Extracted information Start Marker

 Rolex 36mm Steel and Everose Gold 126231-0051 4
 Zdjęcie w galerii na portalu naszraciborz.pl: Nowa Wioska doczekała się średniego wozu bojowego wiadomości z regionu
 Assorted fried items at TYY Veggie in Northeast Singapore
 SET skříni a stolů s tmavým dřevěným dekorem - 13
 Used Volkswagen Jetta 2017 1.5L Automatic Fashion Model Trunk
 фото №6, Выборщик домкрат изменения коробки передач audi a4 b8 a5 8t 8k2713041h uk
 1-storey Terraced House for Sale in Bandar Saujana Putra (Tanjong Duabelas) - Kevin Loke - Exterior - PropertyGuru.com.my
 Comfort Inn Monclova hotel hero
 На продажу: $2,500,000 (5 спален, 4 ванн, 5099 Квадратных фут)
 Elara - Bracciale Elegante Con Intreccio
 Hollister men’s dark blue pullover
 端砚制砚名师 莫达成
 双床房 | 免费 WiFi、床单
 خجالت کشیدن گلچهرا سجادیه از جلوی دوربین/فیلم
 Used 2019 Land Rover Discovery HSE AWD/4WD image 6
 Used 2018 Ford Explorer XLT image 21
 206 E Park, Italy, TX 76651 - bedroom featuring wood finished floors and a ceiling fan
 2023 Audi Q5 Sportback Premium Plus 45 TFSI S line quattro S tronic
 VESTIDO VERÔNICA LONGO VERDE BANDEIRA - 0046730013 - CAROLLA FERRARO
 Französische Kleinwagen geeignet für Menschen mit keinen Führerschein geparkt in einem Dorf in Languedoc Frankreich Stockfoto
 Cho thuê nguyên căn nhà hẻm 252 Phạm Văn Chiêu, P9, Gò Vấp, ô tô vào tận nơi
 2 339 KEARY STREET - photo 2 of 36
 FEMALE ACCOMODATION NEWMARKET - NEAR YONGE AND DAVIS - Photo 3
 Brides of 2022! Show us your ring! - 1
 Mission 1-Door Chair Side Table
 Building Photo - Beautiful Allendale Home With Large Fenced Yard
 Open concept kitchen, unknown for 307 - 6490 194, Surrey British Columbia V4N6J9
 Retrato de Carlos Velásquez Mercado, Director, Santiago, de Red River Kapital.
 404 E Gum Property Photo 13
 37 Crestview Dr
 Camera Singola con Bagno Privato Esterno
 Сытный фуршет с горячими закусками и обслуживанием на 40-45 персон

Extracted information End Marker

* [Aim of the exercise]: With the line that contains "خجالت کشیدن گلچهرا" as your start, reproduce the data above exactly through its last line, and nothing before that start.

* [Written answer]:
 خجالت کشیدن گلچهرا سجادیه از جلوی دوربین/فیلم
 Used 2019 Land Rover Discovery HSE AWD/4WD image 6
 Used 2018 Ford Explorer XLT image 21
 206 E Park, Italy, TX 76651 - bedroom featuring wood finished floors and a ceiling fan
 2023 Audi Q5 Sportback Premium Plus 45 TFSI S line quattro S tronic
 VESTIDO VERÔNICA LONGO VERDE BANDEIRA - 0046730013 - CAROLLA FERRARO
 Französische Kleinwagen geeignet für Menschen mit keinen Führerschein geparkt in einem Dorf in Languedoc Frankreich Stockfoto
 Cho thuê nguyên căn nhà hẻm 252 Phạm Văn Chiêu, P9, Gò Vấp, ô tô vào tận nơi
 2 339 KEARY STREET - photo 2 of 36
 FEMALE ACCOMODATION NEWMARKET - NEAR YONGE AND DAVIS - Photo 3
 Brides of 2022! Show us your ring! - 1
 Mission 1-Door Chair Side Table
 Building Photo - Beautiful Allendale Home With Large Fenced Yard
 Open concept kitchen, unknown for 307 - 6490 194, Surrey British Columbia V4N6J9
 Retrato de Carlos Velásquez Mercado, Director, Santiago, de Red River Kapital.
 404 E Gum Property Photo 13
 37 Crestview Dr
 Camera Singola con Bagno Privato Esterno
 Сытный фуршет с горячими закусками и обслуживанием на 40-45 персон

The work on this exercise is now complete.